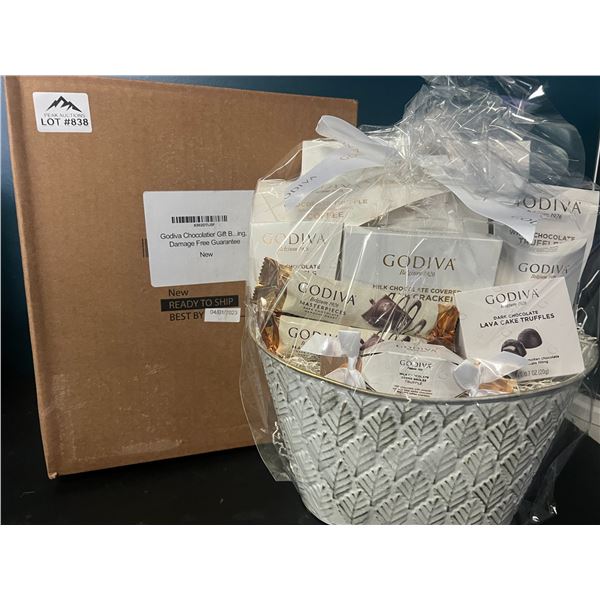 Lot of 1 Godiva Chocolatier Premium Gift Basket Set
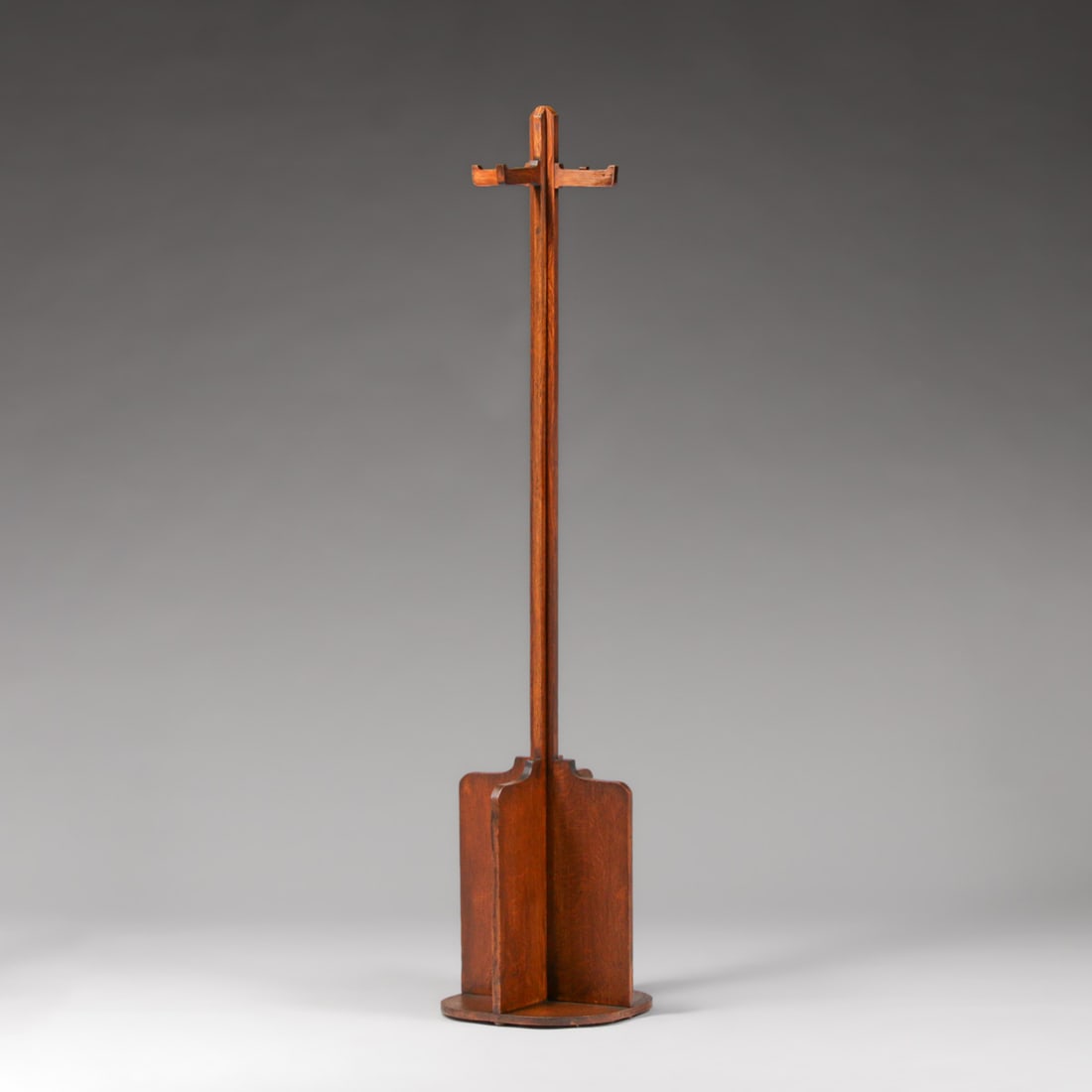 Grand Rapids Oak Coatrack c1910 (1 of 1)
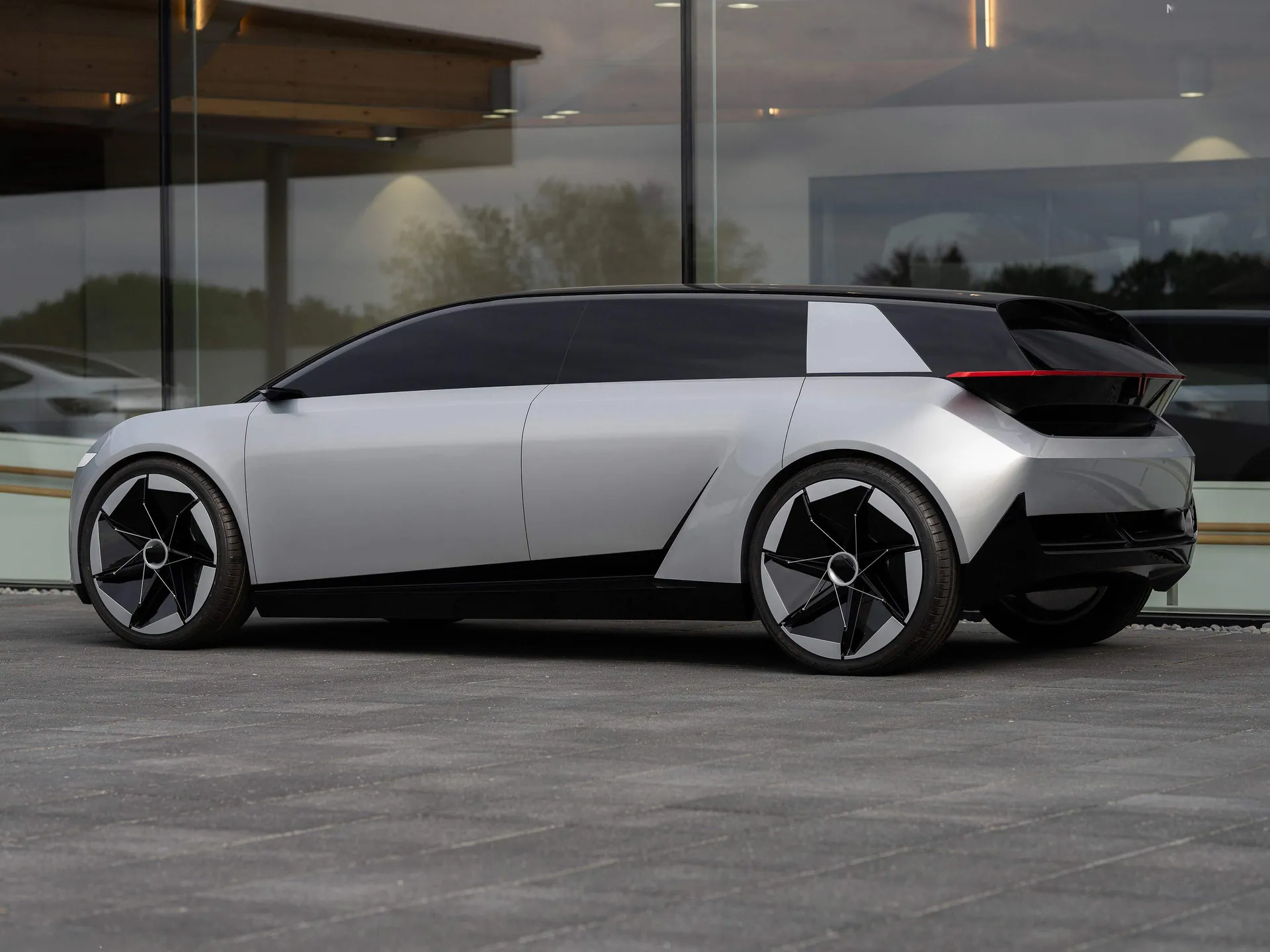 Tata Avinya Concept (2022) – zadní tříčtvrteční pohled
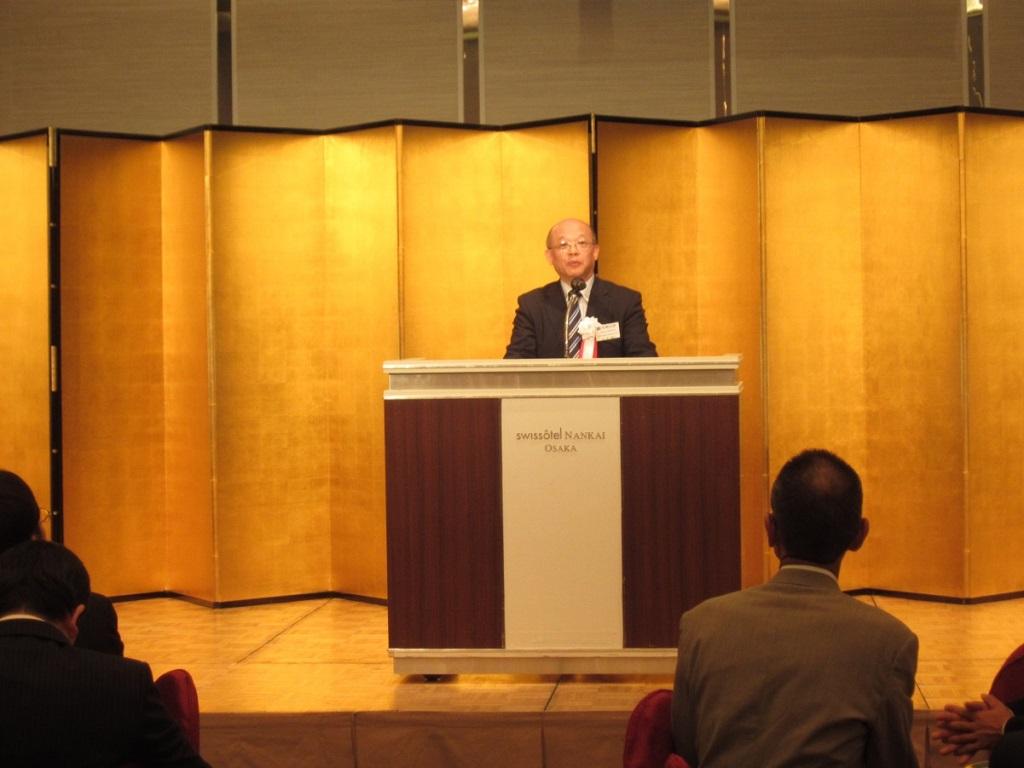 2.近畿大學校友會中華民國在日支部新任林會長裕恆致詞情形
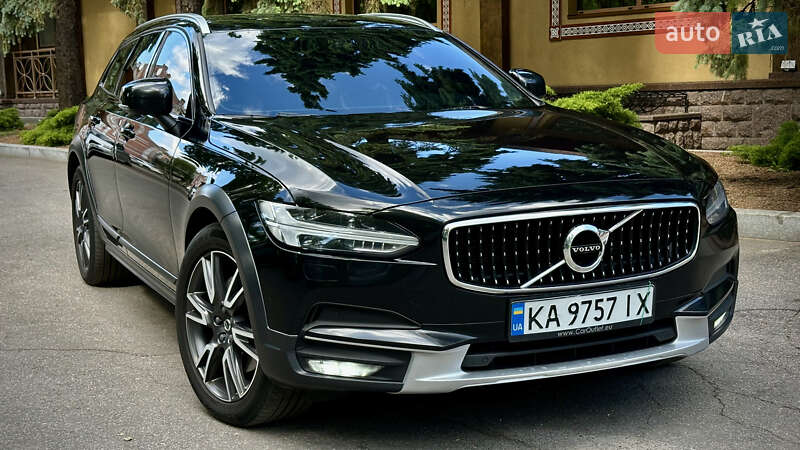 Volvo V90 Cross Country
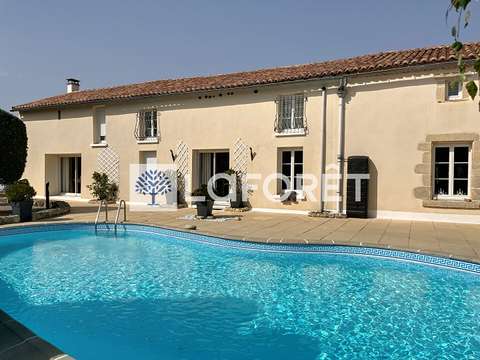 Vente maison 7 pièces Plaine-et-Vallées 79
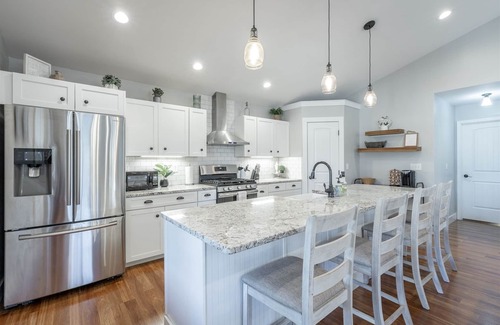 Chattanooga Valley House | Magnolia | Stunning Views of Lookout Mtn | Dog Friendly | 2 Bed, 1.5 Bath
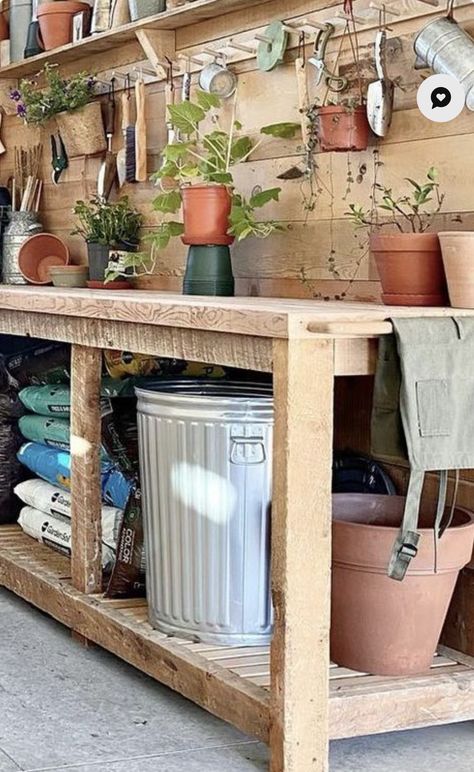 Potting Shed Organization, Garden Organization Ideas, Shed Makeover Interior, Potting Shed Interior Ideas, Gardening Room, Shed Organization Ideas, Potting Station, Garden Shed Interiors, Outdoor Potting Bench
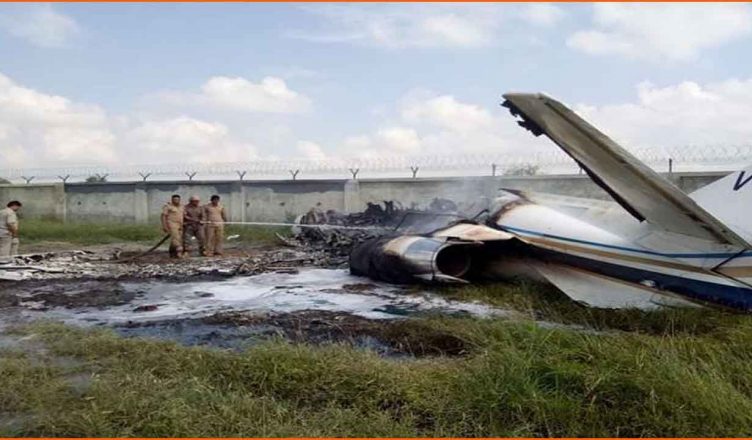 VIDEO: अलीगढ़ में लैंडिंग के दौरान चार्टर्ड प्लेन में लगी भयंकर आग, पायलट सहित 6 लोग बाल-बाल बचे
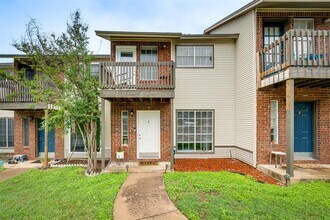 1815 River Crossing Cir in Austin, TX - Building Photo - Building Photo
_ _ _ _ _
■ **WHAT IS NEEDED**
Write the entries out again word for word. Omit all pictures from them.

■ **REPLY**
 Lot of 1 Godiva Chocolatier Premium Gift Basket Set
 Grand Rapids Oak Coatrack c1910 (1 of 1)
 Tata Avinya Concept (2022) – zadní tříčtvrteční pohled
 2.近畿大學校友會中華民國在日支部新任林會長裕恆致詞情形
 Volvo V90 Cross Country
 Vente maison 7 pièces Plaine-et-Vallées 79
 Chattanooga Valley House | Magnolia | Stunning Views of Lookout Mtn | Dog Friendly | 2 Bed, 1.5 Bath
 Potting Shed Organization, Garden Organization Ideas, Shed Makeover Interior, Potting Shed Interior Ideas, Gardening Room, Shed Organization Ideas, Potting Station, Garden Shed Interiors, Outdoor Potting Bench
 VIDEO: अलीगढ़ में लैंडिंग के दौरान चार्टर्ड प्लेन में लगी भयंकर आग, पायलट सहित 6 लोग बाल-बाल बचे
 1815 River Crossing Cir in Austin, TX - Building Photo - Building Photo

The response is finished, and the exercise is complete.